We all know California is starved for housing, but this is just crazy. The math doesn’t add up. The solution to this puzzle, it turns out, lies in the number of existing homes sold. Now we can see that although the total number of homes sold in each country — both new and used — is roughly proportional to its population, there’s a huge difference in composition.

The vast majority of American home sales are second-hand, whereas the vast majority of Japanese home sales are brand new. In fact, if we stretch the data out, we can see that it’s almost the inverse of America. And that’s Japan’s secret. The reason its housing market is so fundamentally different. It’s not just about national control of zoning, it’s also an entirely different perspective on what housing is.

In most advanced economies, a house is an investment that doubles as a place to live — a 401k you can sleep in. In Japan, a house is a consumer good — not unlike a car or a refrigerator — that rapidly depreciates in value. In a mere thirty years, the typical Japanese home goes from brand-new to about valuable as a CD player in 2023. That’s no exaggeration. According to the Ministry of Land, even a reinforced-concrete apartment has a lifespan of just 37 years.

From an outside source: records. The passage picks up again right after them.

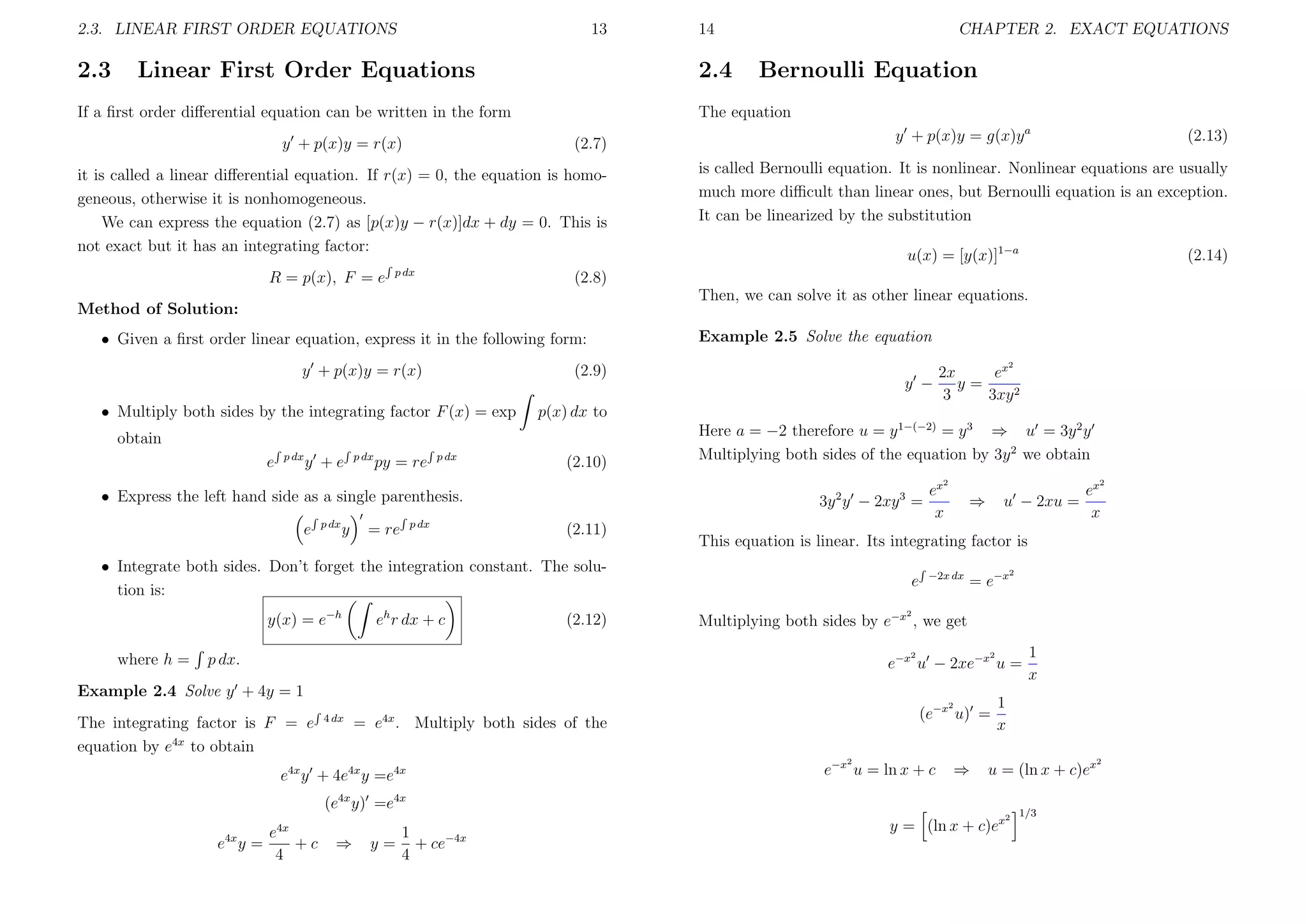 2.3. LINEAR FIRST ORDER EQUATIONS

2.3

13

Linear First Order Equations

2.4

If a ﬁrst order diﬀerential equation can be written in the form
y + p(x)y = r(x)

CHAPTER 2. EXACT EQUATIONS

Bernoulli Equation

The equation
y + p(x)y = g(x)y a

(2.7)

it is called a linear diﬀerential equation. If r(x) = 0, the equation is homogeneous, otherwise it is nonhomogeneous.
We can express the equation (2.7) as [p(x)y − r(x)]dx + dy = 0. This is
not exact but it has an integrating factor:
R = p(x), F = e

14

p dx

is called Bernoulli equation. It is nonlinear. Nonlinear equations are usually
much more diﬃcult than linear ones, but Bernoulli equation is an exception.
It can be linearized by the substitution
u(x) = [y(x)]1−a

(2.14)

(2.8)
Then, we can solve it as other linear equations.

Method of Solution:
• Given a ﬁrst order linear equation, express it in the following form:
y + p(x)y = r(x)

p dx

y +e

p dx

py = re

2

p dx

y −

ex
2x
y=
3
3xy 2

p(x) dx to

obtain
e

Example 2.5 Solve the equation

(2.9)

• Multiply both sides by the integrating factor F (x) = exp

(2.10)

Here a = −2 therefore u = y 1−(−2) = y 3 ⇒ u = 3y 2 y
Multiplying both sides of the equation by 3y 2 we obtain
2

• Express the left hand side as a single parenthesis.
e

p dx

y

= re

p dx

3y 2 y − 2xy 3 =
(2.11)

y(x) = e−h

eh r dx + c

(2.12)

2

ex
x

⇒

u − 2xu =

e

−2x dx

= e−x

2

2

Multiplying both sides by e−x , we get
2

p dx.

2

e−x u − 2xe−x u =

Example 2.4 Solve y + 4y = 1
2

The integrating factor is F = e
equation by e4x to obtain

4 dx

(e−x u) =

4x

= e . Multiply both sides of the
2

e4x y + 4e4x y =e4x

e−x u = ln x + c

⇒

⇒

1
y = + ce−4x
4

1
x

1
x

u = (ln x + c)ex

(e4x y) =e4x
e4x
e4x y =
+c
4

ex
x

This equation is linear. Its integrating factor is

• Integrate both sides. Don’t forget the integration constant. The solution is:

where h =

(2.13)

y = (ln x + c)ex

2

1/3

2

 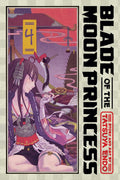 Blade of the Moon Princess, Vol. 4 (4)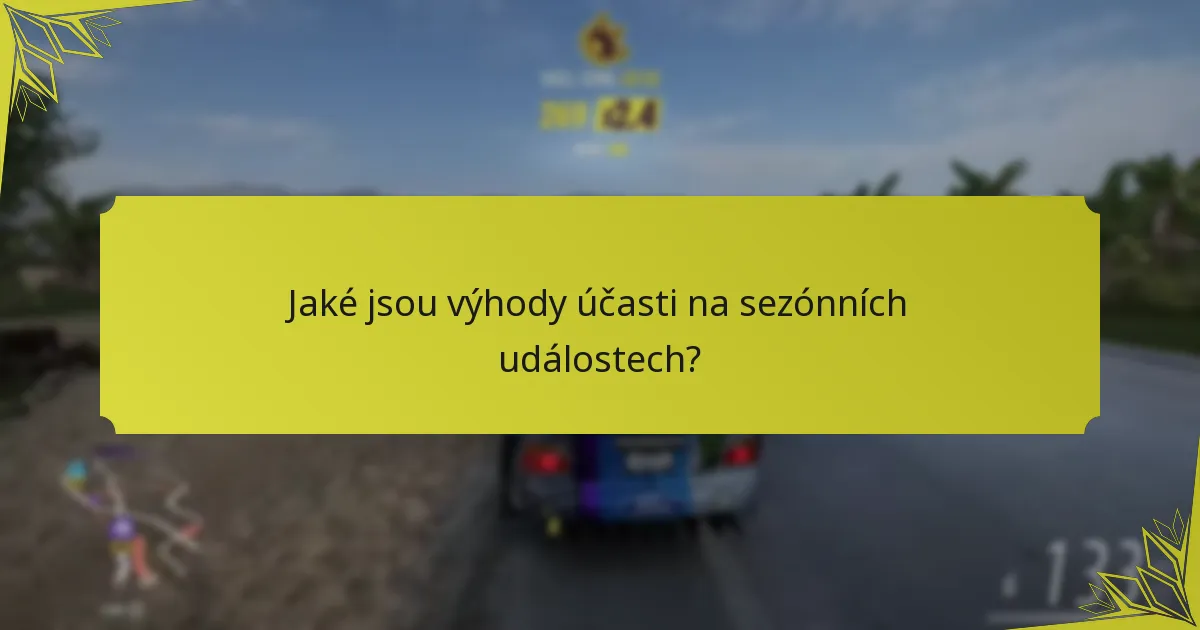 Jaké jsou výhody účasti na sezónních událostech?
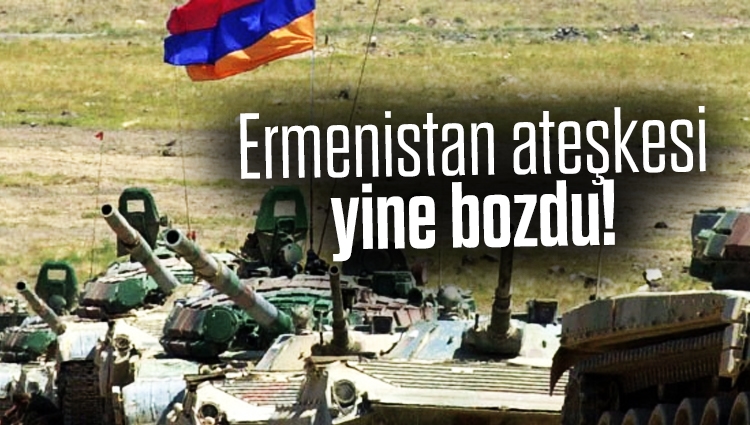 Ermenistan ateşkesi yine bozdu!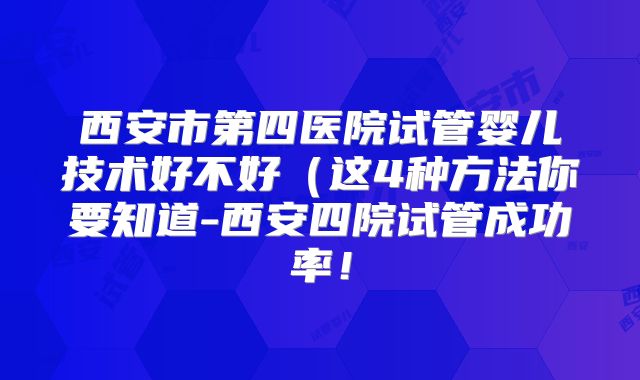 西安市第四医院试管婴儿技术好不好（这4种方法你要知道-西安四院试管成功率！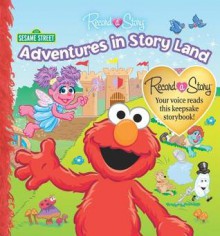 Sesame Street: Adventures in Storyland - Record a Story - Publications International Ltd.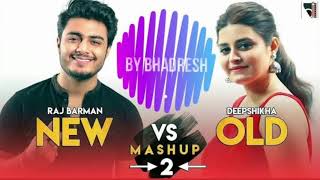 New vs Old Bollywood Songs Mashup | Raj Barman feat. Deepshikha | Bollywood Songs Medley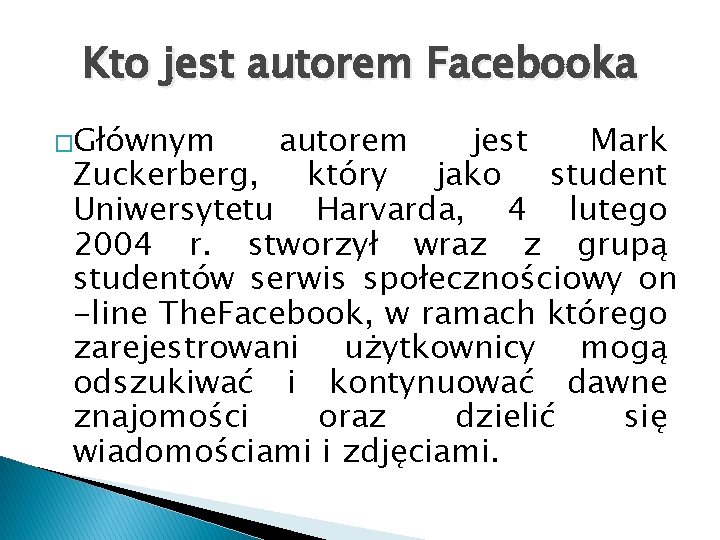 Kto jest autorem Facebooka �Głównym autorem jest Mark Zuckerberg, który jako student Uniwersytetu Harvarda,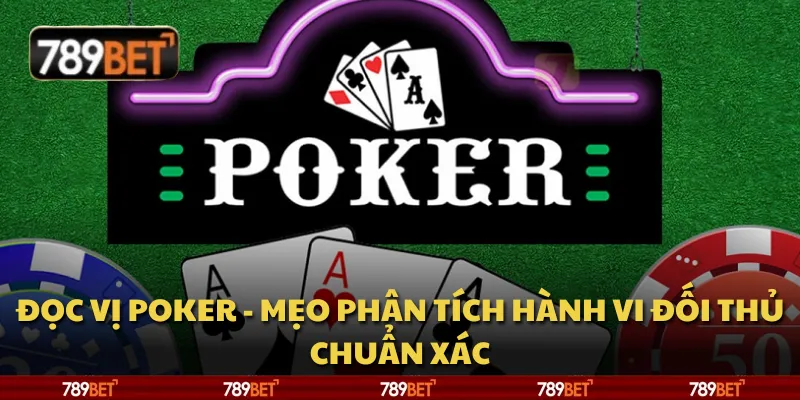 Đọc vị Poker - Mẹo phân tích hành vi đối thủ chuẩn xác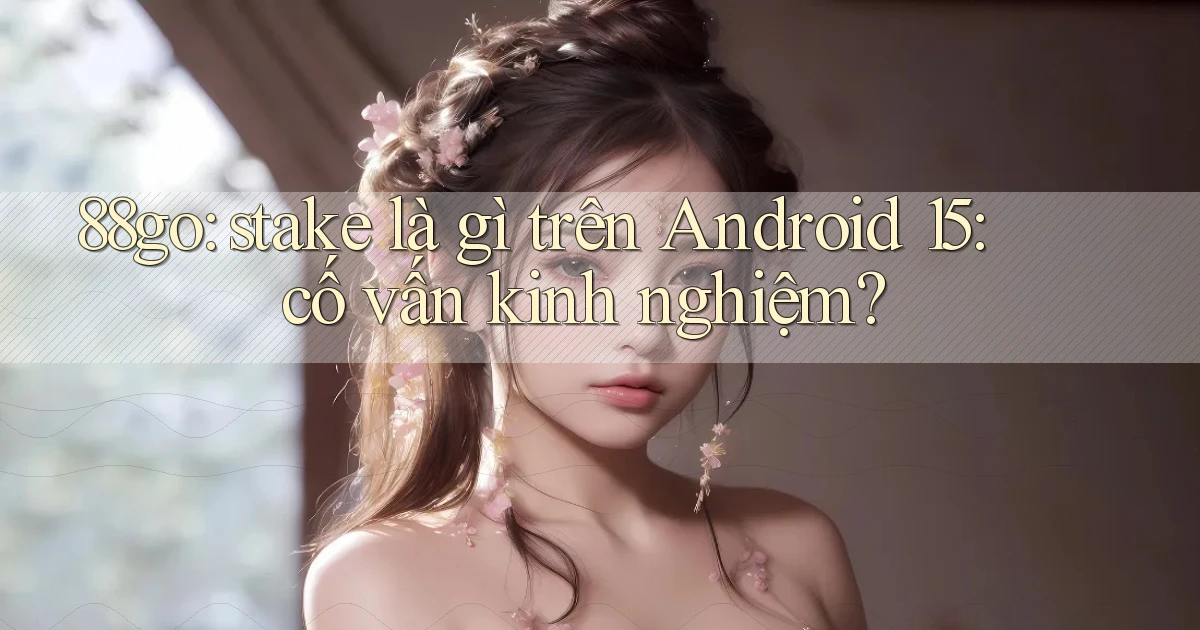 88go stake là gì trên Android 15 cố vấn kinh nghiệm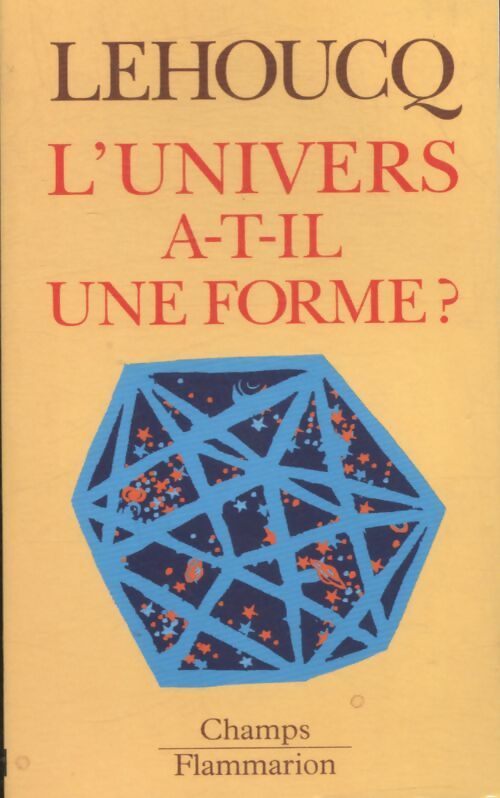 Livrenpoche : L'univers a-t-il une forme ? - Roland Lehoucq - Livre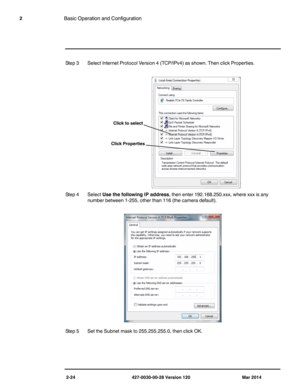 Page 322-24 427-0030-00-28 Version 120 Mar 2014
2Basic Operation and Configuration
Step 3 Select Internet Protocol Version 4 (TCP/IPv4) as shown. Then click Properties.
Step 4 Select Use the following IP address, then enter 192.168.250.xxx, where xxx is any 
number between 1-255, other than 116 (the camera default).
Step 5 Set the Subnet mask to 255.255.255.0, then click OK.
Click to select 
Click Properties  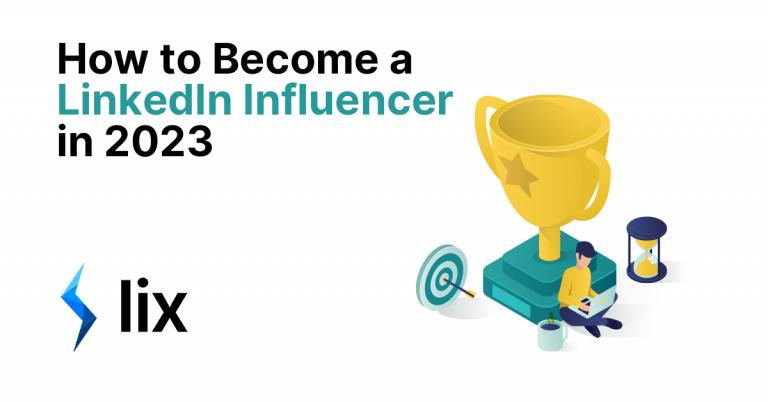 How To Become A LinkedIn Influencer In 2024 - Lix Blog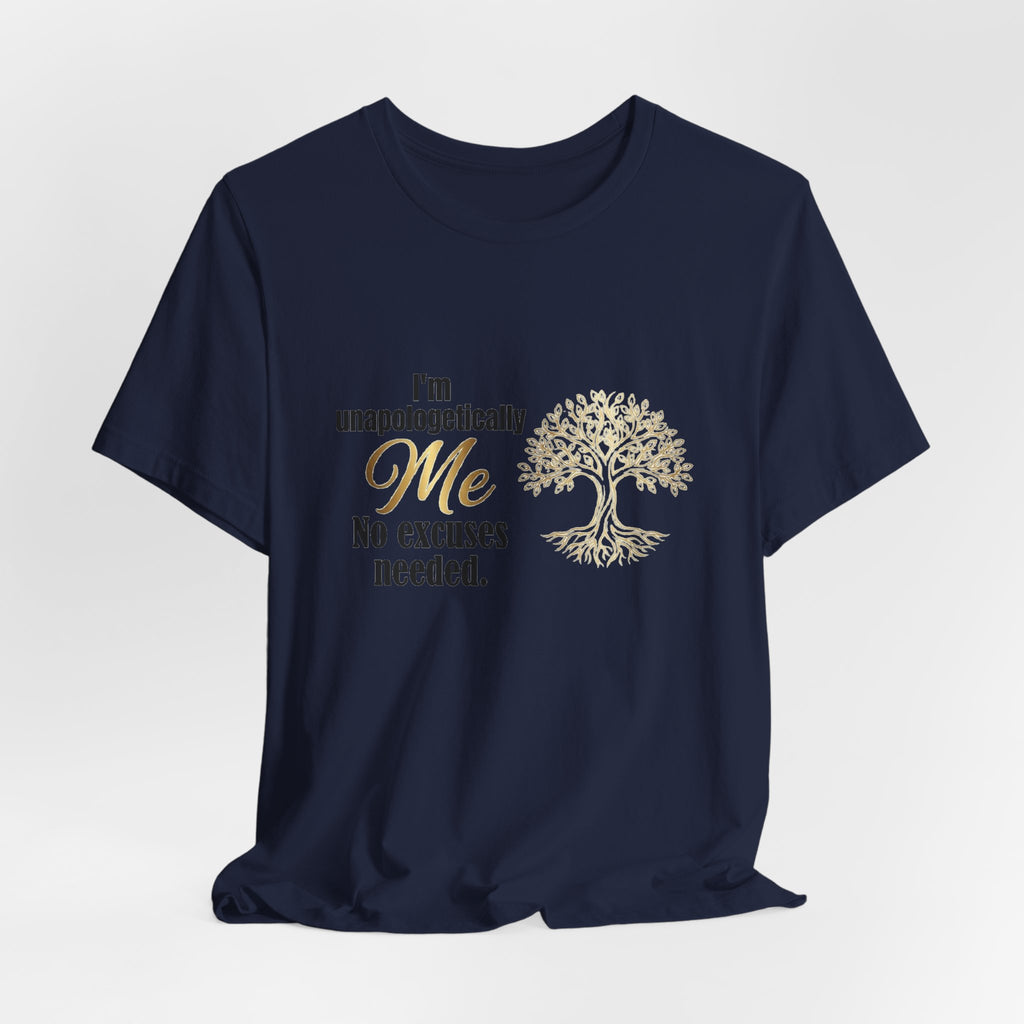 I'm Unapologetically Me T-Shirt — Inspirational Tree of Life Graphic Tee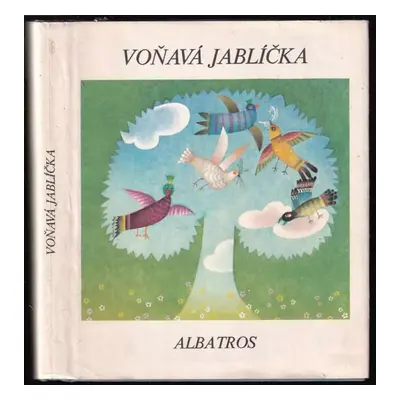 Voňavá jablíčka : výběr z čes. poezie pro děti (1979, Albatros)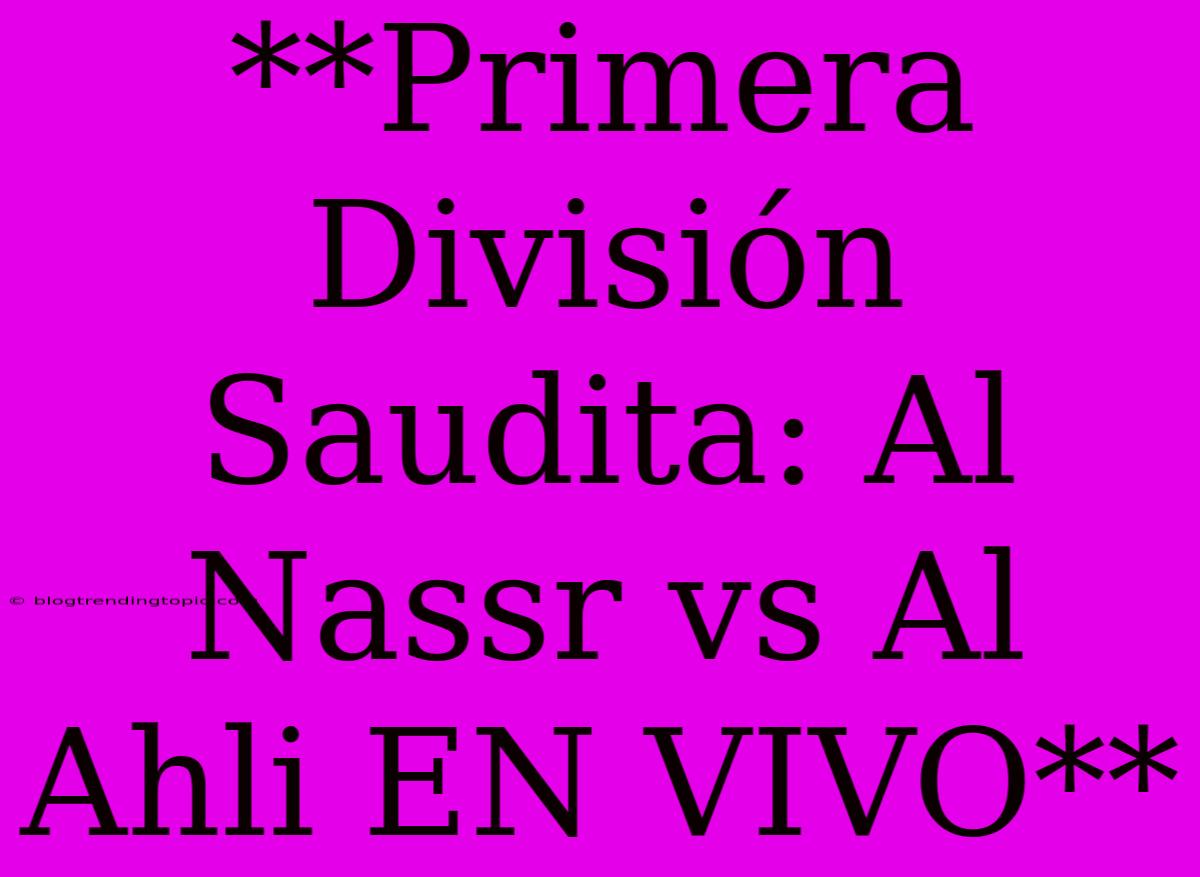 **Primera División Saudita: Al Nassr Vs Al Ahli EN VIVO**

Try to sell your house on the 38th year and banks will tell you it’s worth zero dollars, or less since the building has to be demolished before a new one can be built.

https://www.youtube.com/watch?v=b1AOm17ZUVI

Housing as an investment is something that I've never fully understood. To me, houses should go down in value because their physical structures tend to degrade over time. But most people believe that they will go up in value, likely due to the economics of supply and demand. After all, shelter is a basic human need, and land is scarce.

Turns out, I'm not alone in thinking that housing is more like a consumer good than an investment. In fact, I think it would be better if we stop treating housing as an investment. Then again, I really don't know much about the dynamics in the housing economy so take that with a bucket of salt.